Hijo
así habla el Santo el Verdadero, el que guarda la llave de David: «…lo que abro, nadie puede cerrar, y lo que cierro, nadie puede abrir…
…sé lo que vales; he abierto ante ti una puerta que nadie podrá cerrar, pues, por pocas que sean tus fuerzas, has guardado mi palabra y no has renegado de Mí…
…voy a tomar a algunos de la congregación de satanás, de esos que se llaman de mi pueblo y no lo son, sino que mienten…
…Yo haré que vayan y se postren a tus pies, porque habrán visto que te amo…
…has guardado mis palabras, que ponen a prueba la constancia, pues yo te protegeré en la hora de la prueba que va a venir sobre el mundo entero y que probará a los habitantes de la tierra…
…Vengo pronto. Mantén con firmeza lo que tienes, para que nadie te arrebate la corona…
…si vences te pondré como columna en Mi Templo, de donde nadie te sacará. Grabaré en ti Mi nombre y el nombre de la ciudad que baja del cielo, la nueva Jerusalén que viene de Mí, y mi nombre nuevo…

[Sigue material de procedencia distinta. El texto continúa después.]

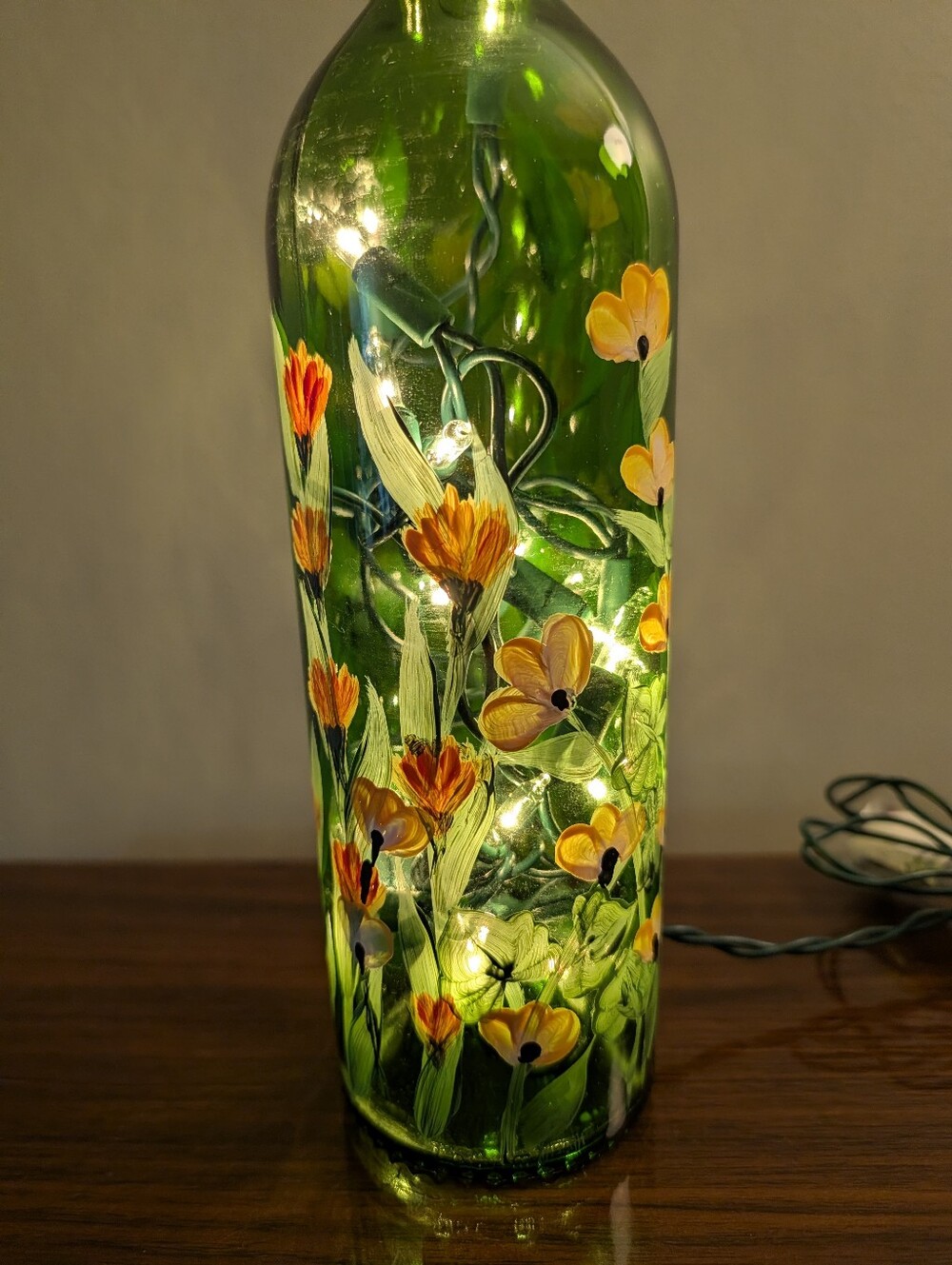 Hand-Painted Green Floral Bottle with Lights - Picture 2 of 8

…para quien sea este mensaje, oiga lo que el Espíritu dice a las Iglesias…» Jesús
Confesión: Hoy acepto de Dios esa puerta abierta que no se puede cerrar… recibo del Señor las fuerzas para seguir adelante… continuaré guardando las Palabras de Cristo… mantendré con firmeza lo poco o mucho de Dios que tengo… no dejaré que otro tome mi recompensa… lo declaro en nombre de Jesús, Amén.